Consider the following proposition:

Proposition. Let $H$ and $K$ be finite index subgroups of a group $G$. Then $H\cap K$ is also a finite index subgroup of $G$.

Proof. Let $X$ be a path connected $2$-complex with a chosen point $x_0$ such that $\pi_1(X, x_0)\cong G$. Since $X$ admits a universal cover, we can find connected coverings $p:A\to X$ and $q:B\to Y$ with $p_*(\pi_1(A, a_0))=H$ and $q_*(\pi_1(B, b_0))=K$ for some points $a_0\in A$ and $b_0\in B$.

Note. For a cover $\phi:Y\to X$, the stabilizer of a point $y\in \phi^{-1}(x_0)$ under the $\pi_1(X, x_0)$ action is same as $\phi_*(\pi_1(Y, y))$.

Define an action of $\pi_1(X, x_0)$ on $p^{-1}(x_0)\times q^{-1}(x_0)$ given by $[\gamma]\cdot(a, b)=([\gamma]\cdot a, [\gamma]\cdot b)$. Now $H$ and $K$ are the stabilizers of $a_0\in p^{-1}(x_0)$ and $b_0\in q^{-1}(x_0)$ under the respective $\pi_1$-action. Thus the stabilizer of $(a_0, b_0)\in p^{-1}(x_0)\times q^{-1}(x_0)$ is $H\cap K$. Since $p^{-1}(x_0)\times q^{-1}(x_0)$ is finite, so is the the index of $H\cap K$ in $\pi_1(X, x_0)$.

This finishes the proof.

So basically what covering spaces help us do here is the following: For a given finite index subgroup $S$ of $G$, we are able to construct an action of $G$ on a finite set $F$ which has a point $p$ such that the stabilizer of $p$ is $S$. From here algebra takes over. Is everything alright? Thanks.

Answer 1

Using covering spaces in this manner seems like overkill.

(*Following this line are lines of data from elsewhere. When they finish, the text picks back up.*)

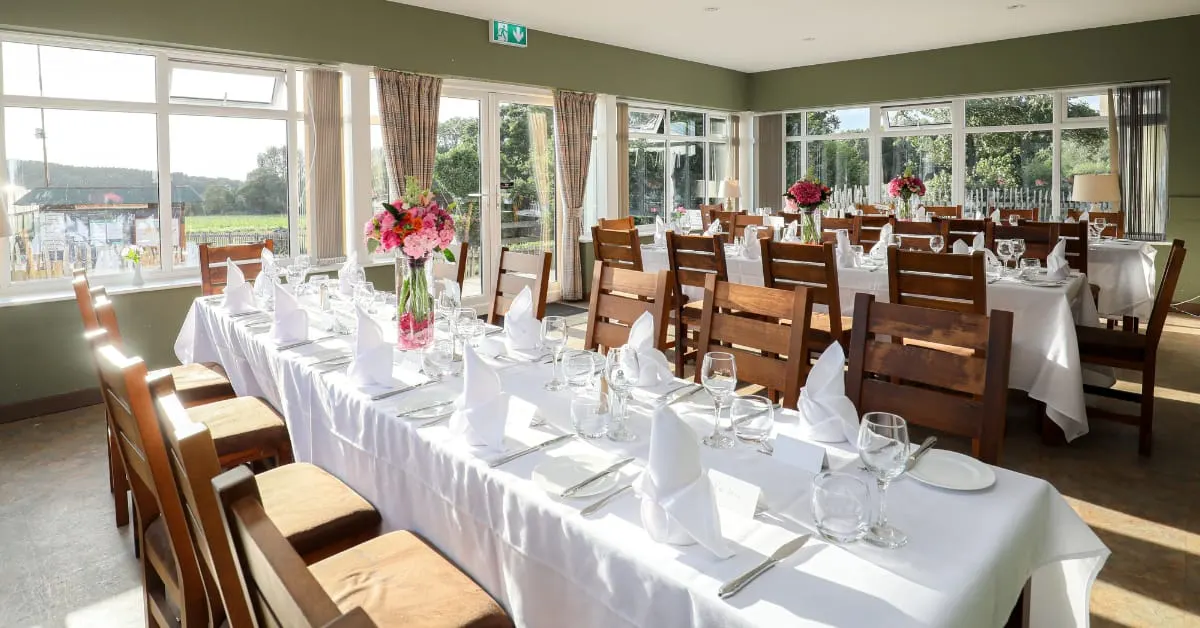 Bright dining room with long white-clothed tables set for a formal meal, wooden chairs, pink floral centrepieces, and countryside views through large windows.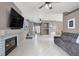 Cozy living room featuring a modern fireplace, comfortable seating, and an open layout at 1694 Clear Look Ct, Henderson, NV 89014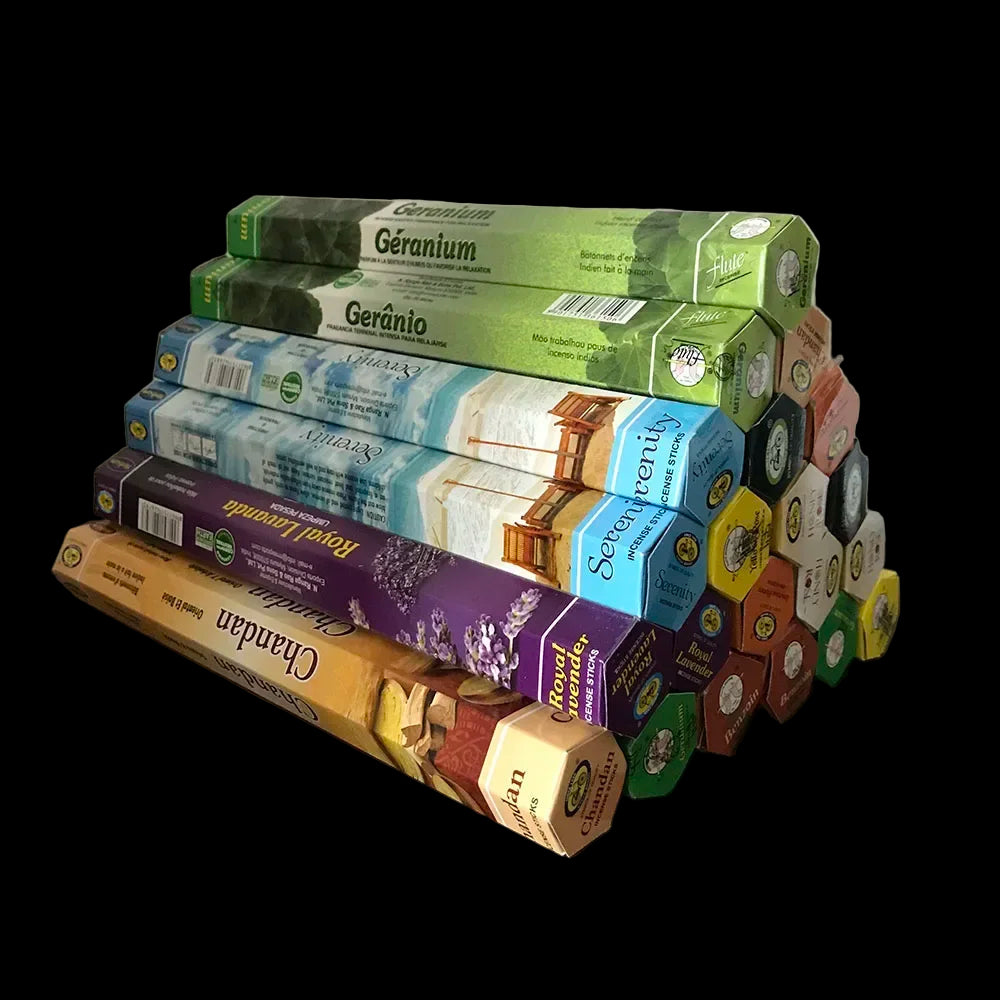 Stack of incense boxes and sticks on a wooden surface with a white background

For any subgroup $S$ of $G$, the left multiplication action of $G$ on itself preserves the decomposition of $G$ into left cosets of $S$, because $g(aS)=(ga)S$. So you can simply take $F$ to be the set of left cosets of $S$ in $G$. The left coset $S \in F$ is a point of $F$ whose stabilizer is $S$.